Hearing to halt construction on LORCO line postponed until May

ELYRIA – Work will continue on the controversial sewer line being built by the Lorain County Rural Wastewater District after a hearing on Eaton Township’s request to halt construction that had been set for Friday was postponed until May.

It took nearly two hours of meetings in the chambers of Lorain County Common Pleas Judge Mark Betleski with attorneys for Eaton Township, LORCO and Avon Lake, which is also a defendant in the case, before the delay was announced.

Dennis O’Toole, LORCO’s attorney, also asked Betleski to throw out the lawsuit filed by Eaton Township trustees on Thursday, arguing that county court wasn’t the proper venue for the case.

If Eaton Township had wanted to challenge LORCO’s installation of the sewers, which began earlier this year, it should have filed a challenge before the Ohio Environmental Appeals Commission.

Elyria filed a challenge before the commission last year, arguing that LORCO’s new sewer lines could take away potential customers from the city’s sewer lines.

Thursday’s lawsuit contends that LORCO should stop work because the sewer district hasn’t resolved legal issues, including Elyria’s challenge and obtaining easements from more than 40 homeowners to install sewer lines.

It also contends that LORCO isn’t a valid entity and that three LORCO board seats were improperly removed in 2003, which makes anything the board did after that illegal.

O’Toole said Thursday’s lawsuit isn’t the first time Eaton Township trustees Linda Morrison and Donna Hicks have sued over LORCO. Hicks is a longtime LORCO opponent who defeated pro-LORCO former trustee Doug Edwards in his re-election bid in November.

Both she and Morrison have sued in the past as private citizens.
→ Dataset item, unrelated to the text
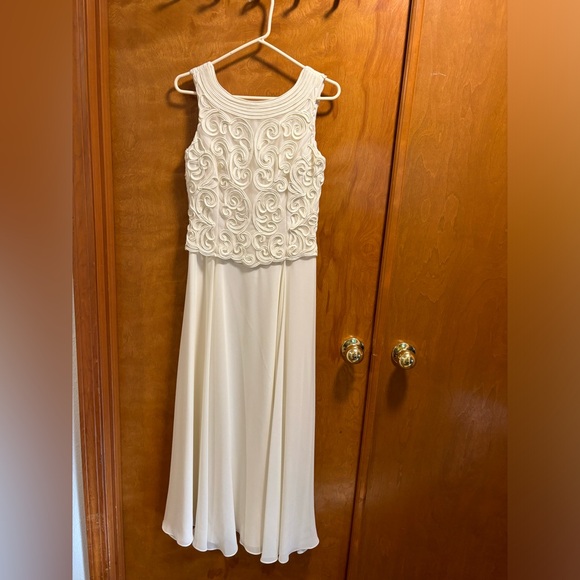 STUNNING Jessica McClintock Bridal Gown - Never Worn! Size 4. - Picture 1 of 5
This week’s lawsuit is the first they’ve filed on behalf of township residents. The third trustee, Frank Piskur, voted against the lawsuit last month.

“It’s like a bad penny,” O’Toole said. “They just keep coming back.”

Luke McConville, Eaton Township’s attorney, declined to comment on the lawsuit Friday.

George Coleman was in the courtroom waiting for the hearing Friday with his retired mother, Ruth Coleman, and said she can’t afford to tie into the sewers when they eventually run past her Eaton Township home.

Cost has been a main topic for critics of LORCO, who argue that the project is too expensive and that promised homes the district was counting on to keep costs low won’t be built because of the recession.

They’ve also argued that the 37½-mile sewer line that will run from parts of Eaton and Carlisle townships to Avon Lake’s sewer plant is unnecessary.

But LORCO Executive Director Rob Berner said Friday that while the current generation of township residents may oppose the sewers, in the long term it’s a good idea to replace the aging septic systems in the area. More than 40 percent of those septic systems are failing, he said.

“The reality is we’re still going to put sewers in Eaton and Carlisle townships,” Berner said.

Installing the sewer is expected to cost about $14 million, far less than original estimates that ran as high as $32 million, according to LORCO officials.